And prayed for the following orders and declaration:-

25. 1.   A declaration that the defendant[s] have violated the plaintiffs fundamental rights and Freedoms as guaranteed by seciton 70(a) and 70(c) of the Constitution.

25. 2.   . . .

the plaintiffs right to personal liberty as guaranteed by section 72 of the constitution.

25. 3.     . . .

the plaintiffs right not to be subjected to inhuman  and degrading treatment as guaranteed by seciton 74 of the constitution

25. 4.   .  .  .

the plaintiffs right not to have his property compulsory taken possession of as guaranteed by seciton 75 of the constitution.

25. 5.   . . .

the plaintiffs right to have the person or property subjected to search or to have his premises entered without his consent as guaranteed by section 76 of the constitution

25. 6.   . . .

the plaintiff right to due process of the Law as guaranteed by seciton 77 of the constitution.

25. 7.   . . .

the plaintiff right of movement without evidence as guaranteed by section 81 of the constitution.

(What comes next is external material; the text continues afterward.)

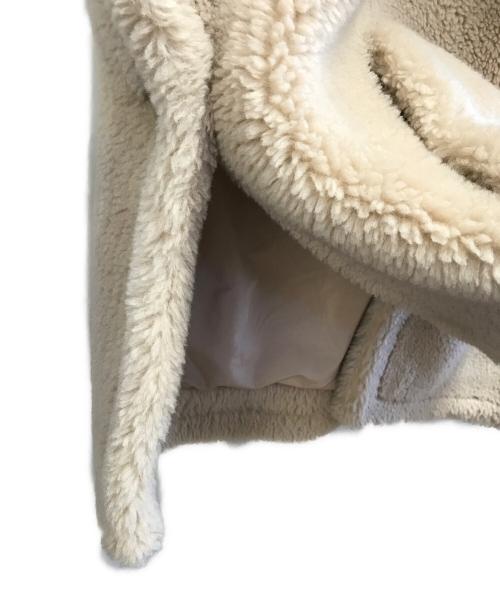 PELLESSIMO（ペレッシモ）PELLESSIMO (ペレッシモ) ボアショートベスト ベージュ サイズ:Fの古着・服飾アイテム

25. 8.     Damages for breach of the aforesaid constitutional rights.

25. 9.   An order for restitution of the plaintiffs property by the defendant.

25. 10.    Costs of this Constitutional application

25. 11.        Interest on 8 and 10 above

25. 12.        Any  such further orders with and or

directions considered appropriate for the purposes of enforcing or securing the enforcement of the fundamental right of the plaintiff that have been violated.

IV:    Arguments by the applicant/plaintiffs.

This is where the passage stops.